What you should do
Repeat exactly the stretch of lines that starts with the one containing "Meets Sustainability! 1" and ends with the last line of the material. Leave out pictures.

Dataset content
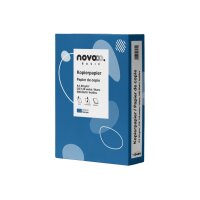 NOVOOO Kopierpapier Basic A4 641908 weiss, 80g 500 Blatt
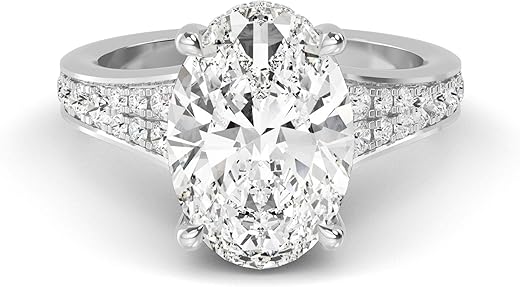 1-5 Carat Lab GROWN Diamond Engagement Ring: Elegance Meets Sustainability! 1 1-5 Carat Lab GROWN Diamond Engagement Ring: Elegance Meets Sustainability!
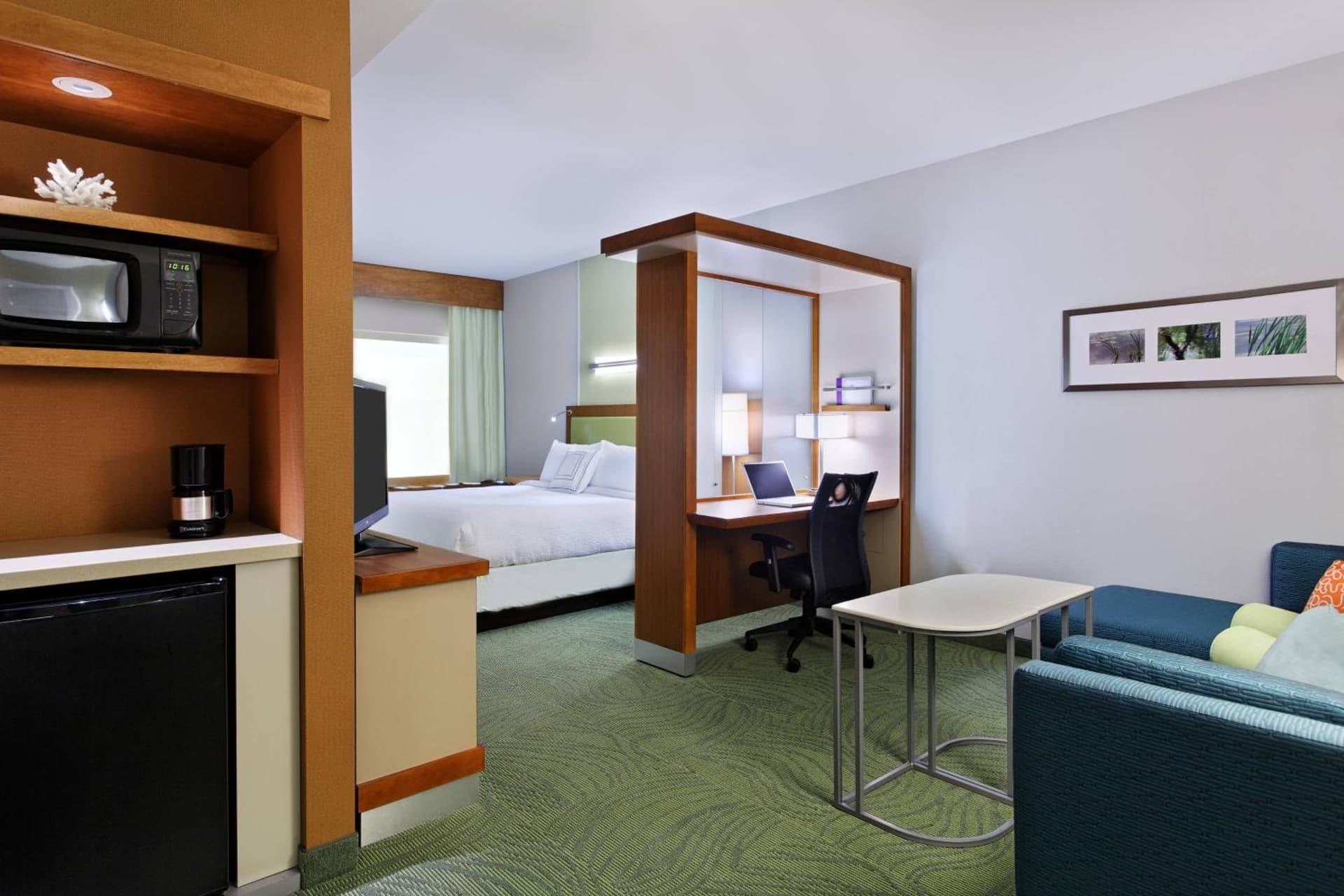 SpringHill Suites by Marriott Pensacola gallery photo in Pensacola, FL — image 4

Output for this task
 1-5 Carat Lab GROWN Diamond Engagement Ring: Elegance Meets Sustainability! 1 1-5 Carat Lab GROWN Diamond Engagement Ring: Elegance Meets Sustainability!
 SpringHill Suites by Marriott Pensacola gallery photo in Pensacola, FL — image 4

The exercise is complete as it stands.